Bukankah kodrat perempuan itu sejatinya terumuskan melekat pada tubuhnya. Merujuk pada keniscayaan reproduksi biologisnya. Yang mana dia akan mengandung anak, melahirkan hingga menyusui. Semua itu memberikan ruang gerak yang terbatas tidak sebebas kaum adam. Sehingga ranah yang tepat adalah tidak boleh terlalu jauh dari rumah.

Bagaimanapun perempuan itu dapat dikatakan pilar dari sebuah rumah tangga. Kokoh tidaknya sebuah rumah tergantung pada peran wanita sebagai istri dan ibu bagi anak-anaknya.

Walaupun, tidak kupungkiri. Aku tetap merasa kagum dengan wanita yang memiliki karier tinggi di suatu perusahaan atau instansi dan kehidupan rumah tangganya aman Sejahtera.

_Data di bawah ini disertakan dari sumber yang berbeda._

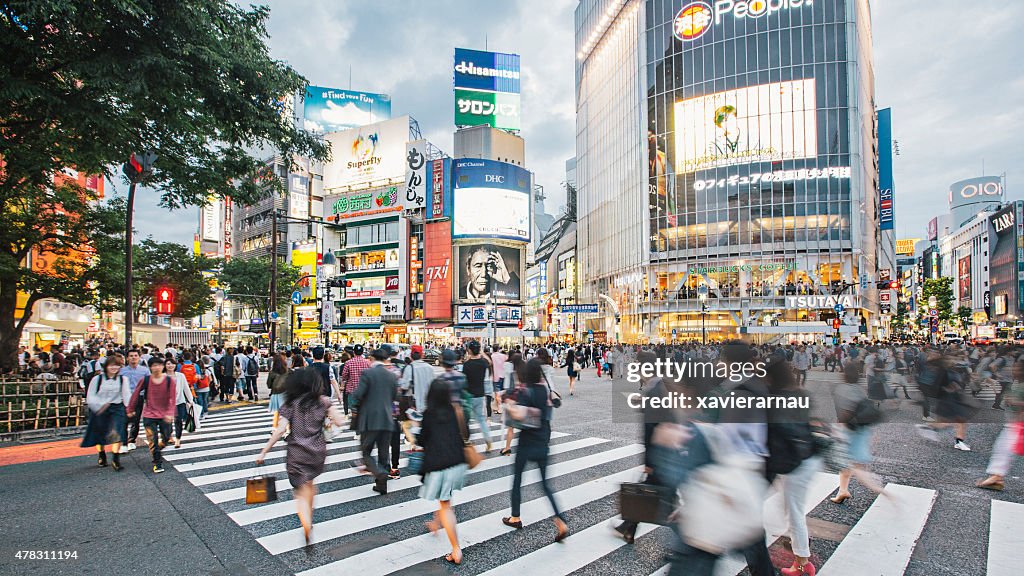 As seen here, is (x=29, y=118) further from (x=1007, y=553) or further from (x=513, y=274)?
(x=513, y=274)

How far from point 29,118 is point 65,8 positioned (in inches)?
140

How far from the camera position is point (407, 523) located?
607 cm

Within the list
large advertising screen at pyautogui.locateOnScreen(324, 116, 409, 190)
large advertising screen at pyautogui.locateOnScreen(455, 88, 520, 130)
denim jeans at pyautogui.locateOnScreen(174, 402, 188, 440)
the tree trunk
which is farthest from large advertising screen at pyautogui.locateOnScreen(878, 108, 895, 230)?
the tree trunk

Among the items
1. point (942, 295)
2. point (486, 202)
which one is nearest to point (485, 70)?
point (486, 202)

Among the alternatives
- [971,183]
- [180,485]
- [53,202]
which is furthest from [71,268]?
[971,183]

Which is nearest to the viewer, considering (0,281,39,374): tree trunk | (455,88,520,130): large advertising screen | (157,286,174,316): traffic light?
(157,286,174,316): traffic light

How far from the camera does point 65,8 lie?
6.59m

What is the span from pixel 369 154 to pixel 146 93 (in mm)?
67709

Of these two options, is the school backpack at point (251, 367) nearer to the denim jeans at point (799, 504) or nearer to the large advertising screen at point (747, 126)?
the denim jeans at point (799, 504)

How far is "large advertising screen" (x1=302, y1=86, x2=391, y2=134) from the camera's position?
80188 millimetres

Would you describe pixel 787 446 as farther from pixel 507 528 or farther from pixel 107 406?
pixel 107 406

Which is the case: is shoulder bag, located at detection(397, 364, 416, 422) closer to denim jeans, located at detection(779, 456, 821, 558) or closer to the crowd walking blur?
the crowd walking blur

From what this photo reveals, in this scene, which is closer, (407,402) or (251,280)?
(407,402)

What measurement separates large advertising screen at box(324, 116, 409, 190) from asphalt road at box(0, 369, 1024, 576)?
2565 inches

"Yah, tapi mau gimana lagi. Istri kedua itu selalu dianggap pengganggu." desahan berat terdengar dari mulut mamanya Alde. "Oh ya, sama seperti sebelumnya. Kali ini saya sama sekali tidak bisa mencegah saat Alde nekat mendatangi keluarga suami demi mengambil mobil dan juga katanya tas kamu ya?"

"Ee—iya." sahutku sedikit tergeragap.

"Sebenarnya kalau cuma mau ambil mobil hadiah dari papanya itu, saya pasti akan melarangnya dengan keras. Berhubung ada hal lain yang juga harus diselamatkan, yah, mau gimana lagi." lanjut mamanya Alde dengan pandangan mengambang ke arah pintu keluar.

Aku menahan napas merasa bersalah.

"Semoga kali ini dia kembali dalam keadaan baik-baik saja, tidak babak belur atau hampir mati seperti sebelummya." Seutas senyum mengarah padaku dengan isyarat yang mengatakan bahwa kepergian Alde kali ini tersebab diriku.